Fig. 2.. NDSRI-induced micronucleus formation in TK6 cells in the presence of hamster liver S9.

Cells were treated with indicated concentrations of seven Ames-positive NDSRIs (A) and eight Ames-negative NDSRIs (B) for 4 h. After each treatment, micronucleus frequency (%) was determined by the high-throughput micronucleus assay using flow cytometry. The red line indicates relative cytotoxicity (right y-axis), and the open bars indicate the percentage of micronuclei (left y-axis). Lasiocarpine (2.5 μM) was used as the positive control (black bars). The data points represent the means ± SD from at least three independent experiments. * denotes statistical significance compared to the vehicle control (P < 0.05, fold-change >2.0).

Fig. 3.. NDSRI-induced micronucleus formation in TK6 cells in the absence of S9 activation.

Cells were treated with indicated concentrations of seven Amespositive NDSRIs (A) and eight Ames-negative NDSRIs (B) for 24 h. After each treatment, micronucleus frequency (%) was determined by the high-throughput micronucleus assay using flow cytometry. The red line indicates relative cytotoxicity (right y-axis), and the open bars indicate the percentage of micronuclei (left y-axis). Mitomycin C (50 ng/mL) was used as the positive control (black bars). The data points represent the means ± SD from at least three independent experiments. * denotes statistical significance compared to the vehicle control (P < 0.05, fold-change >2.0).

Fig. 4.. NDSRI-induced cell cycle changes in TK6 cells.

Cells were treated with seven NDSRIs, that induced micronucleus formation in the presence of hamster liver S9 (see Fig. 2), for 4 h (A and B) and six NDSRIs, that induced micronucleus formation in the absence of S9 activation (see Fig. 3), for 24 h (C and D) and cell cycle was measured using a flow cytometer at the 24-h time point.
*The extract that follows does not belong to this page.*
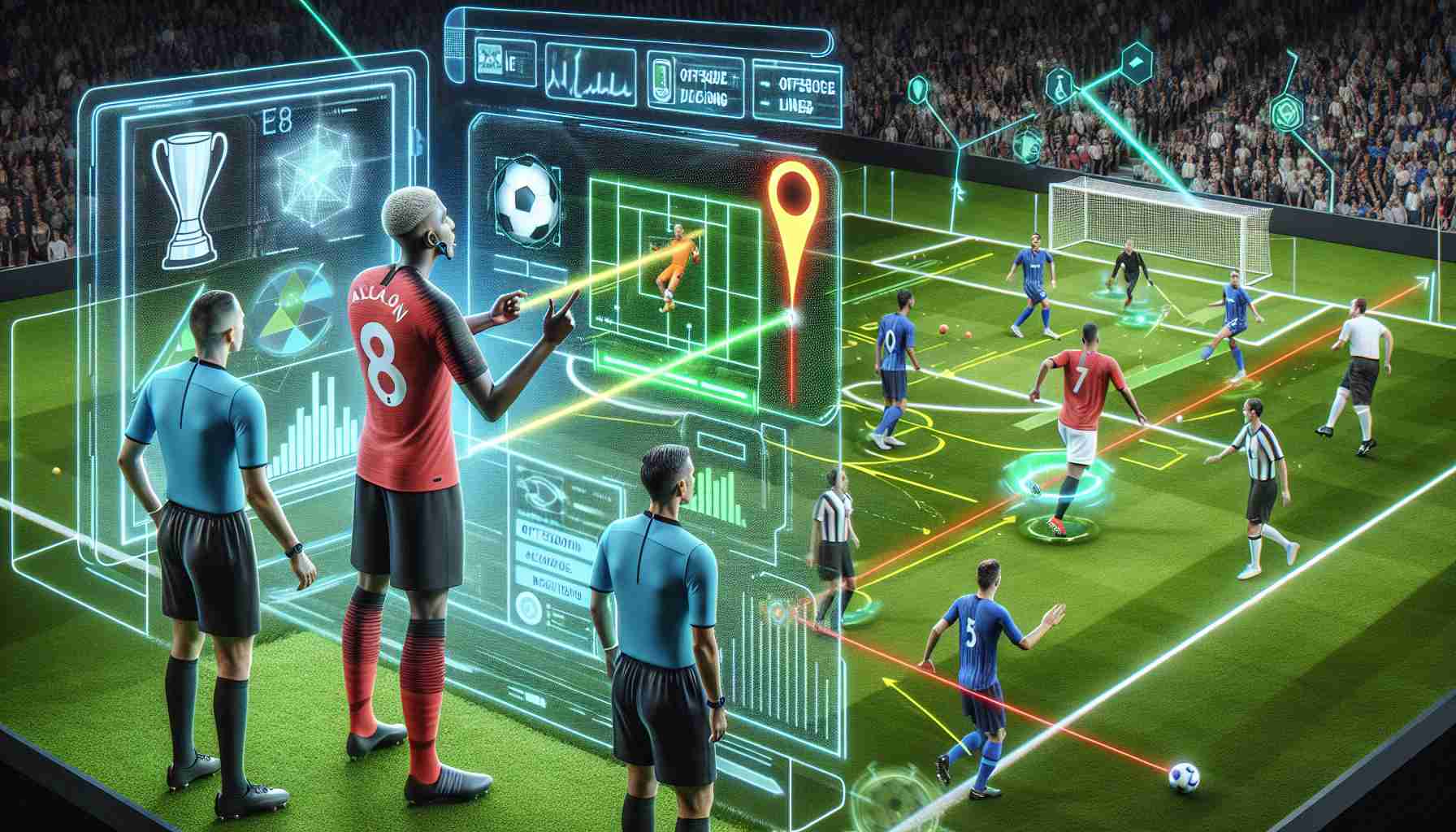 Revolution in Refereeing! How AI is Shaping the Future of the English Premier League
Representative flow cytometry plots are shown from one experiment (A and C), and the histograms show cell cycle changes of G1 and G2/M phases (B and D). The data points (B and D) represent the means ± SD from at least three independent experiments. *P < 0.05 compared with the vehicle control.

Fig. 5.. Identification of specific CYPs accounting for the bioactivation of Ames-positive NDSRIs in CYP-expressing TK6 cells.
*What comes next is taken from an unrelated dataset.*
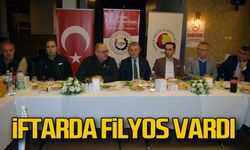 TPAO ve Çaycuma iftarda bir araya geldi!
The TK6 cells transduced with nine different CYPs (see Supplementary Figs. 2A–2G) were treated with indicated concentrations of seven Ames-positive NDSRIs for 24 h. After each treatment, micronucleus frequency (%) was determined by the high-throughput micronucleus assay using flow cytometry, and the data (A–G) with significant increases in two different CYP-expressing TK6 cell lines (CYP2A6, 2B6, 2C19, or 3A4) are shown and compared with the results in wild-type TK6 cells (WT). The red line indicates relative cytotoxicity (right y-axis), and the bars indicate the percentage of micronucleus formation (left y-axis). The data points represent the means ± SD from at least three independent experiments. * denotes statistical significance compared to the vehicle control (P < 0.05, fold-change >2.0).